Was beim Bandscheibenvorfall im Körper passiert
Zwischen jedem Wirbelkörper sitzt eine Bandscheibe — ein Puffer aus einem faserigen Außenring und einem gelartigen Kern. Beim Bandscheibenvorfall, medizinisch Diskusprolaps oder Intervertebral Disc Disease (IVDD), gibt dieser Puffer nach: Der Kern tritt aus und drückt auf das Rückenmark oder die Nervenwurzeln.[4]
Bei Hunden unterscheidet man zwei Haupttypen. Der Hansen-Typ-1 trifft vor allem junge bis mittelalte Hunde chondrodystrophischer Rassen: Die Bandscheibe verkalkt frühzeitig, der Kern verliert seine Elastizität und kann plötzlich — manchmal nach einem einzigen Sprung — explosionsartig austreten. Das erklärt, warum ein Dackel morgens noch normal läuft und abends nicht mehr aufstehen kann. Der Hansen-Typ-2 betrifft eher ältere, großwüchsige Hunde: Hier wölbt sich der Außenring langsam vor, die Symptome entwickeln sich über Wochen bis Monate.[4]
Der Ort des Vorfalls bestimmt, welche Körperregion betroffen ist. Vorfälle im Bereich der Brustwirbelsäule und Lendenwirbelsäule (thorakolumbal) führen zu Problemen in den Hinterbeinen. Vorfälle an der Halswirbelsäule (HWS) können alle vier Gliedmaßen betreffen und gehen oft mit starken Nackenschmerzen einher.
Welche Rassen besonders gefährdet sind — und warum
Das erhöhte Risiko bestimmter Rassen ist kein Zufall, sondern Genetik. Ein Retrogen namens FGF4 auf Chromosom 12 des Hundes ist verantwortlich für die kurzbeinige Körperform chondrodystrophischer Rassen — und gleichzeitig für die frühzeitige Degeneration der Bandscheiben.
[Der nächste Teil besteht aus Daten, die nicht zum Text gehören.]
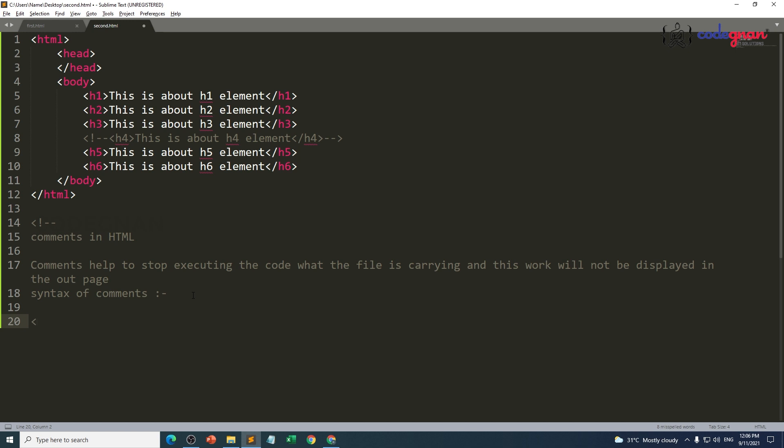Less than, not, hyphen hyphen, followed by content—whatever you want to write—followed by hyphen hyphen greater than. Unfortunately I opened this thing, I didn't close it. That's why it is throwing me an error, some type of information in Sublime. If I save this thing, if I go to my web page, I am not going to see anything.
Hunde mit diesem Retrogen haben ein 51-fach erhöhtes IVDD-Risiko gegenüber Hunden ohne diese Genvariante.[1]
| Rasse | Lifetime-Prävalenz / Risiko | Typ |
|---|---|---|
| Dackel (Standard Rauhaar) | bis zu 24,4 % Lebenszeitprävalenz | Hansen Typ 1 |
| Dackel (alle Varianten) | 15,3–15,7 % | Hansen Typ 1 |
| Französische Bulldogge | 21-fach erhöhtes Risiko (OR 21,1) | Hansen Typ 1 |
| Beagle | erhöhtes Risiko | Hansen Typ 1 |
| Pekinese | erhöhtes Risiko | Hansen Typ 1 |
| Cocker Spaniel | erhöhtes Risiko | Hansen Typ 1 |
| Labrador / Großrassen | eher ältere Hunde betroffen | Hansen Typ 2 |
Beim Dackel kommt hinzu: Kastrierte Hündinnen haben ein 1,81-fach höheres IVDD-Risiko als intakte Hündinnen. Frühe Kastration vor dem 12. Lebensmonat erhöht das Risiko bei Hündinnen sogar um den Faktor 2,12.[10] Das ist ein Aspekt, den du mit deinem Tierarzt besprechen solltest, bevor du einen jungen Dackel kastrieren lässt.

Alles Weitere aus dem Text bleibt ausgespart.